SATNAM ALAG, PH.D, is currently the vice president of engineering at NextBio (www.nextbio.com), a vertical search engine and a Web 2.0 user-centric application for the life sciences community. He’s a seasoned software professional with more than 15 years of experience in machine learning and over a decade of experience in commercial software development and management. Dr. Alag worked as a consultant with Johnson & Johnson’s BabyCenter, where he helped develop their personalization engine. Prior to that, he was the chief software architect at Rearden Commerce and began his career at GE R&D. He’s a Sun Certified Enterprise Architect (SCEA) for the Java Platform. Dr. Alag earned his Ph.D in engineering from UC Berkeley, and his dissertation was on the area of probabilistic reasoning and machine learning. He’s published a number of peer-reviewed articles.
By combining introductions, overviews, and how-to examples, the In Action books are designed to help learning and remembering. According to research in cognitive science, the things people remember are things they discover during self-motivated exploration.
Although no one at Manning is a cognitive scientist, we’re convinced that for learning to become permanent it must pass through stages of exploration, play, and, interestingly, retelling of what is being learned. People understand and remember new things, which is to say they master them, only after actively exploring them. Humans learn in action. An essential part of an In Action book is that it’s example-driven. It encourages the reader to try things out, to play with new code, and explore new ideas.

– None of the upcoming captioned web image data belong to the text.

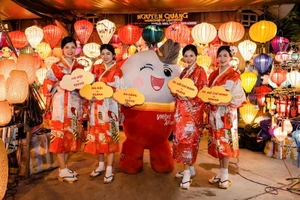 Vietjet: Khai trương đường bay Đà Nẵng - Haneda (Nhật Bản)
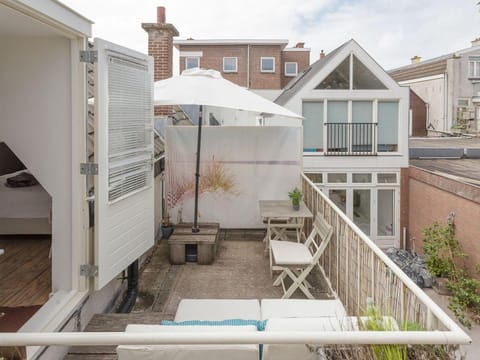 Picturesque fishermans house near the beach Vacation rental in The Hague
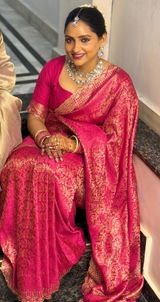 Priya Shekhar review photo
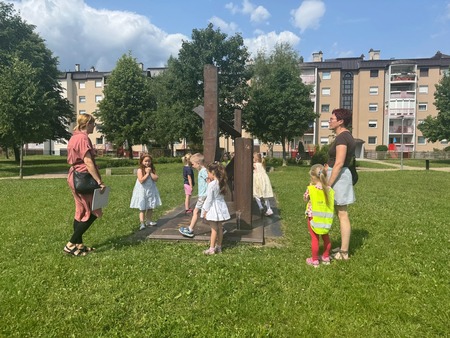 ''Kip je Forma viva''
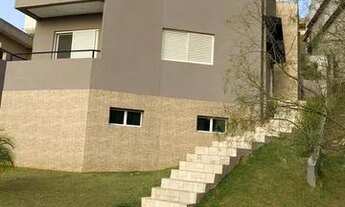 Imagem 1: Casa em Alphavulle Para Venda ou Locação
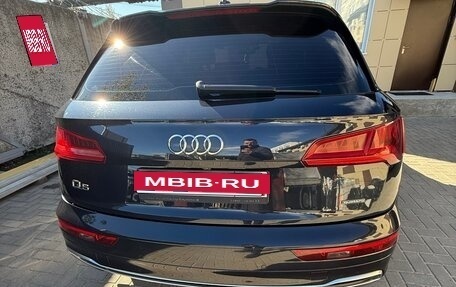 Audi Q5, 2019 год, 3 400 000 рублей, 1 фотография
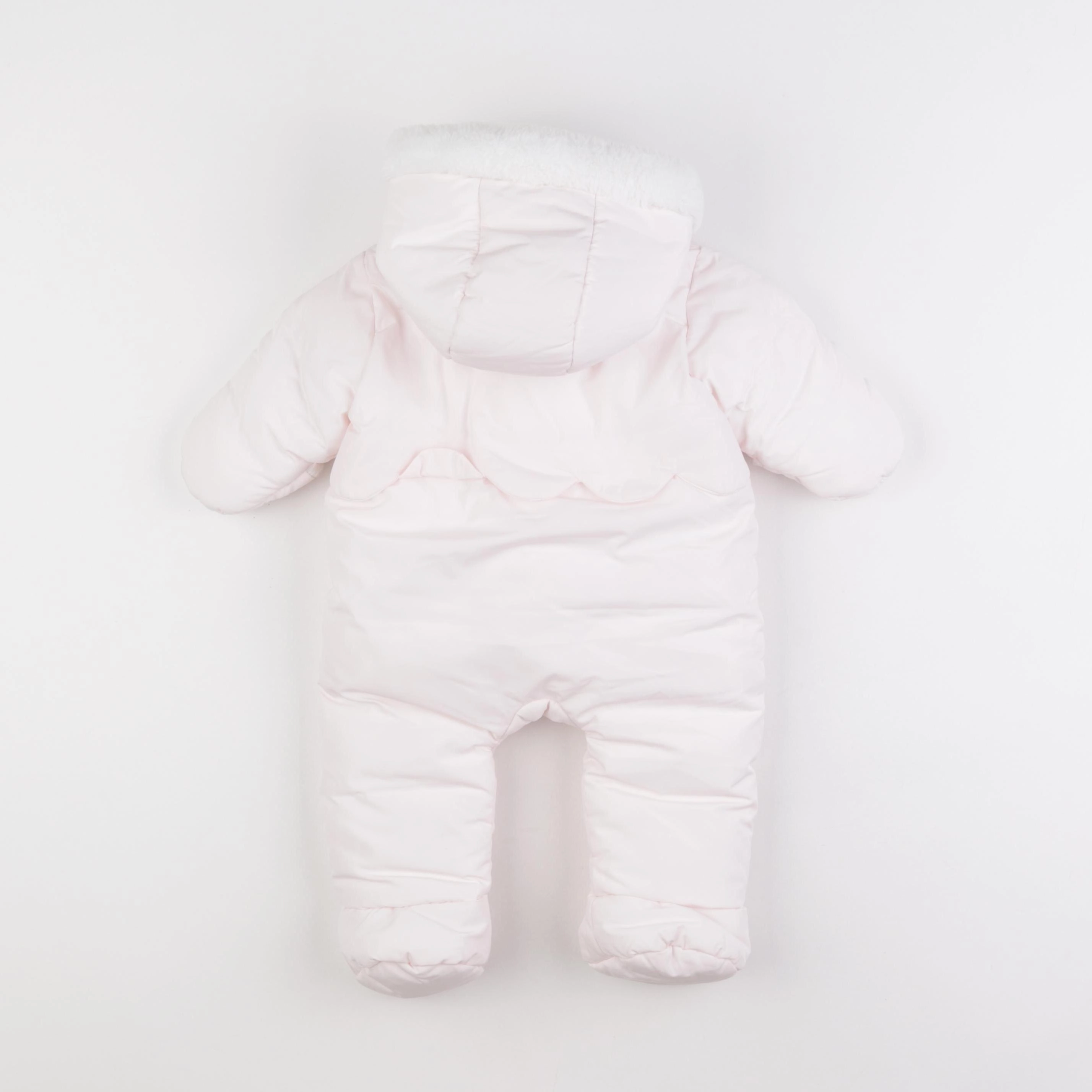 Jacadi - combi-pilote rose - 3 mois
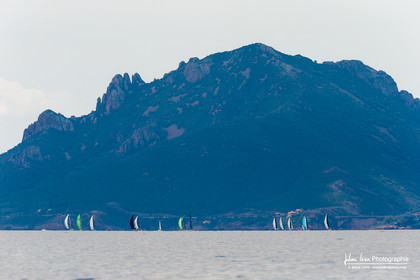 European Championship IRC 2023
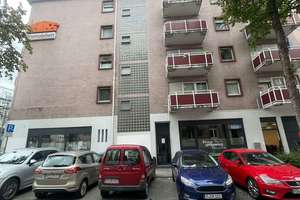 6 % Mietrendite – sanierte 2-Zimmer-Wohnung mit WG-Potenzial – Kirchenstraße 1, 68159 Innenstadt/Jungbusch, Mannheim – Vorschaubild 8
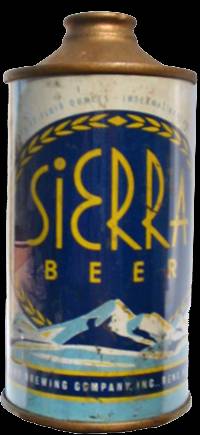 nevada can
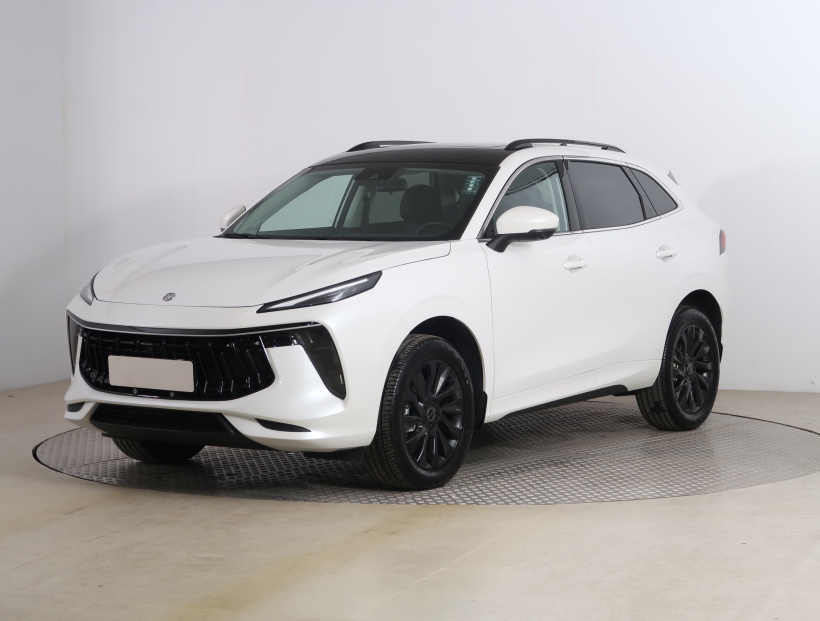 Dongfeng Forthing T5 EVO, 2025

There is another, more mundane, reason for the title of this book: our readers are busy. They use books to do a job or solve a problem. They need books that allow them to jump in and jump out easily and learn just what they want just when they want it. They need books that aid them in action. The books in this series are designed for such readers.
The figure on the cover of Collective Intelligence in Action is captioned “Le Champenois,” a resident of the Champagne region in northeast France, best known for its sparkling white wine. The illustration is taken from a 19th century edition of Sylvain Maréchal’s four-volume compendium of regional dress customs published in France. Each illustration is finely drawn and colored by hand. The rich variety of Maréchal’s collection reminds us vividly of how culturally apart the world’s towns and regions were just 200 years ago. Isolated from each other, people spoke different dialects and languages. In the streets or in the countryside, it was easy to identify where they lived and what their station in life was just by their dress.
Dress codes have changed since then and the diversity by region, so rich at the time, has faded away. It is now hard to tell apart the inhabitants of different continents, let alone different towns or regions. Perhaps we have traded cultural diversity for a more varied personal life—certainly for a more varied and fast-paced technological life.
At a time when it is hard to tell one computer book from another, Manning celebrates the inventiveness and initiative of the computer business with book covers based on the rich diversity of regional life of two centuries ago, brought back to life by Maréchal’s pictures.